Denis Coderre répond aux questions des journalistes après avoir accueilli des migrants au Stade olympique.

« J'ai entendu qu'il y avait beaucoup de personnes au stade, me dit Wilkène Chatelier, une bénévole. J'ai offert mon aide parce que c'est ça qu'on fait, d'habitude, dans notre communauté. »

En matinée, Kathleen Weil, la ministre de l'Immigration du Québec, a précisé en conférence de presse que le nombre de demandes d'asile faites au Québec a triplé au cours des deux dernières semaines. « Nous avons les moyens pour faire face à cette situation, mais ce qui est plus particulier, c'est la cadence. D'une moyenne de 50 demandes d'asile par jour entre janvier et juillet, nous sommes passés à une moyenne de 150 demandes ces deux dernières semaines », a-t-elle affirmé.

Selon l'Agence des services frontaliers du Canada, 2985 demandeurs d'asile sont entrés au Québec par voie terrestre entre janvier et juin 2017, par rapport à 2500 pour toute l'année 2016, et moins de 1000 en 2015. La ministre Weil assure que « toutes les mesures d'identification et de sécurité » à l'égard des demandeurs d'asile « ont été prises sans aucun compromis ».

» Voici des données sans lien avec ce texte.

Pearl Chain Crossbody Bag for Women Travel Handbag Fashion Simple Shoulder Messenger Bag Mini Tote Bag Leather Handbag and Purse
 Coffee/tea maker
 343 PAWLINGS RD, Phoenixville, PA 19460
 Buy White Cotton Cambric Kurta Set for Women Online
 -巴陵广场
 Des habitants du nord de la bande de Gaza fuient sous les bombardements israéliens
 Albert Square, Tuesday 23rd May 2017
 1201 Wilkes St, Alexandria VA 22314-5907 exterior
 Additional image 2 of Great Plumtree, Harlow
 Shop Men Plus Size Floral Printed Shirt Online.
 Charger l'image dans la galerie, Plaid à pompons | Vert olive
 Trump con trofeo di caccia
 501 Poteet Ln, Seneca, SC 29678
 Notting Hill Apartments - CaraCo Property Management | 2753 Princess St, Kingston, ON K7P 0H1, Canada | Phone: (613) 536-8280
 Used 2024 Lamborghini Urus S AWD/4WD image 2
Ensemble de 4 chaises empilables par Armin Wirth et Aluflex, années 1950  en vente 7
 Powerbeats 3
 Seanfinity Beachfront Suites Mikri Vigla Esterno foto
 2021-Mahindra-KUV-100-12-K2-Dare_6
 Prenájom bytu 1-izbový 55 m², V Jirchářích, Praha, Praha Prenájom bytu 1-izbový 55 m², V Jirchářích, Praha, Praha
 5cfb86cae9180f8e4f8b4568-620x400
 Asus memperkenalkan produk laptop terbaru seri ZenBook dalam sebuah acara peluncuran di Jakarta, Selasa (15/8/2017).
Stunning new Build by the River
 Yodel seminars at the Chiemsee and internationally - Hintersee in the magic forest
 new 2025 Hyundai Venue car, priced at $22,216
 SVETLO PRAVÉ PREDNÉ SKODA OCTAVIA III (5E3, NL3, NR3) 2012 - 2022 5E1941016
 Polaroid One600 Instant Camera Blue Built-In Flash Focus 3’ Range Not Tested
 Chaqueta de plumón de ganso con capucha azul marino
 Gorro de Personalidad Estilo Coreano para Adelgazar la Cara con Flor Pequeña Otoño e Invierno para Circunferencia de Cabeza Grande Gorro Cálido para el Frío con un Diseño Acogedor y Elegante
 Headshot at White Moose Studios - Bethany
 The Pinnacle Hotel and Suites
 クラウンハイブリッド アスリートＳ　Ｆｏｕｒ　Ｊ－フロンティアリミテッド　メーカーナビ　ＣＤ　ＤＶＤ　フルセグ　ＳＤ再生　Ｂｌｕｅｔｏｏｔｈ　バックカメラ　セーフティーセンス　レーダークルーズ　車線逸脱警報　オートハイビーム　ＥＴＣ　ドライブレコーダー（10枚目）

Le stade olympique a été aménagé pour accueillir les migrants après que d'autres lieux d'hébergement, tels la Résidence YMCA et le refuge de l'Armée du Salut, eurent atteint leur capacité maximale, explique Lucie Charlebois, la ministre déléguée à la Santé publique. « Ça fait moins qu'un mois et demi que [le pic] dure. (…) On savait qu'on s'en allait vers le stade, parce qu'il y avait des lits d'hôtel et des résidences de l'UQAM qu'il fallait libérer », explique-t-elle. Le stade pourrait, si nécessaire, héberger les personnes jusqu'au 19 septembre. Les demandeurs d'asile pourront recevoir des permis de travail et des soins de santé, et leurs enfants pourront aller à l'école en attendant que leurs dossiers soient traités.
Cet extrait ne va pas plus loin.